Savunma Sanayii
15.10.2021
Son günlerde Ar-Ge denince akla Savunma Sanayii, Savunma Sanayii denince de ilk olarak aklımıza İnsansız Hava araçları ve Silahlı İnsansız Hava Araçları geliyor. Her şerde bir hayır vardır cümlesinin tezahürü gibi algılanabilecek iha ve sihalar uluslararası tedarik ediliyordu ve çeşitli sebeplerden dolayı veri paylaşımından, diğer birçok özelliğine kadar sınırlı kullanılabiliyordu.
İHA ve SİHA’lar; terörle mücadele başta olmak üzere bugün birçok alanda uçak, helikopter vb. hava hakimiyeti ve üstünlüğü sağlayan makine ve teçhizatlara göre hem edinim maliyeti, hem bakım-onarım , hem de havalanma ve havada kalma maliyetleri açısından tartışılmayacak üstünlüklere sahiptiler. Bunlar göz önüne alındığında mutlaka yerlileştirilmesi gerekiyordu ve gerçek anlamda uluslararası rekabette neredeyse en iyi iha ve sihalar ülkemizde üretiliyor.
Cumhurbaşkanımızın damadı olarak gündeme gelip, siyasi anlamda Cumhurbaşkanına görüş yakınlığı bulunmayanların bile takdirini kazanan Selçuk Bayraktar ve üretmiş olduğu makine ve teçhizatlar, onu bugün ve gelecekte birçok tabuyu yıkan ve bu ülkede uluslararası kabul gören birşeyler üretilemez algısını yerle bir eden kişi olarak hatırlatacak ve saygı ile anılmasını sağlayacaktır.
Peki bir makine, ürün veya teçhizatın gerçekten kendi imkan ve kabiliyetleri ile üretilip uluslararası kabul görebilmesi için ille de Cumhurbaşkanı gibi birinin yakını olmak mı gerekiyor? Ya da Selçuk Bayraktar Cumhurbaşkanının yakını olmasa üretimlerinin en büyük alıcısı konumundaki kamu bu ürünleri kullanıma imkan sağlar mıydı? Ya da Selçuk Bayraktar’ın başına birşeyler gelir miydi?

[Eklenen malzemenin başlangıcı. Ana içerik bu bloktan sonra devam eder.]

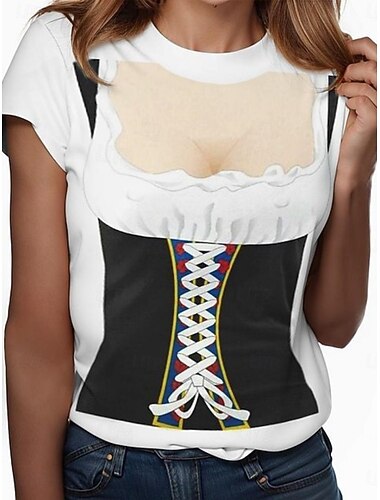 Oktoberfest Per donna Maglietta Grafico Moda Elegante Moderno Manica Corta Girocollo Top Regolari Quotidiano Weekend Stampa 3D Nero Bianco Marrone Verde Estate Primavera   Oktoberfest Per donna Maglietta Grafico Moda Elegante Moderno Manica Corta Girocollo Top Regolari Quotidiano Weekend Stampa 3D Nero Bianco Marrone Verde Estate Primavera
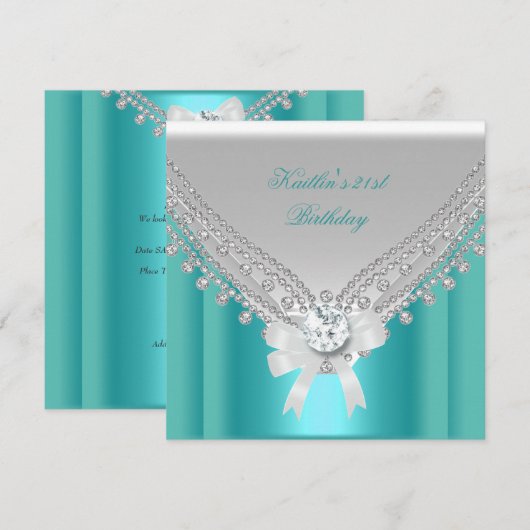 21e verjaardag White Blauwgroen Blue Diamond Kaart (Voorkant / Achterkant)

Neler olabileceğini kestirmek elbette güç ancak, bu kadar hızlı kabul görüp, devlet imkanları ile korunması şüphesiz yakınlıkla alakalı görünüyor. Ülkemizde hergün ana akım medya başta olmak üzere neredeyse tüm geçerli ve etkili mecralarda “sakın uluslararası lobilerin tersine üretim yapma, seni ortadan kaldırırlar” gibi birçok komplo teorileri üretilmekte ancak, iş Savunma Sanayii’ne gelince bu söylemler komplo teorisinden çıkıp reele dönebilir. Bu söylemlerin %99’u hayal ürünü olmakla birlikte %1’i gerçekten suyun akışını çevirme tehlikesi arz edebilir.
Dinamitin 1866 yılında İsveçli bilimadamı Alfred Nobel tarafından bulundu ve bunun kendi insanlarımın ölümü için kullanıldığını gördü. Belki ticari elektriği icad eden Nikola Tesla elektrik ile insanların öldürüldüğünü veya normal hayatın akışına etki edecek sonuçlarını göremedi ama biz kullanımı arttıkça yangınlar başta olmak üzere, iş ve yaşam akışlarımızın etkilenmesi gibi birçok sonuçlarını görüyoruz.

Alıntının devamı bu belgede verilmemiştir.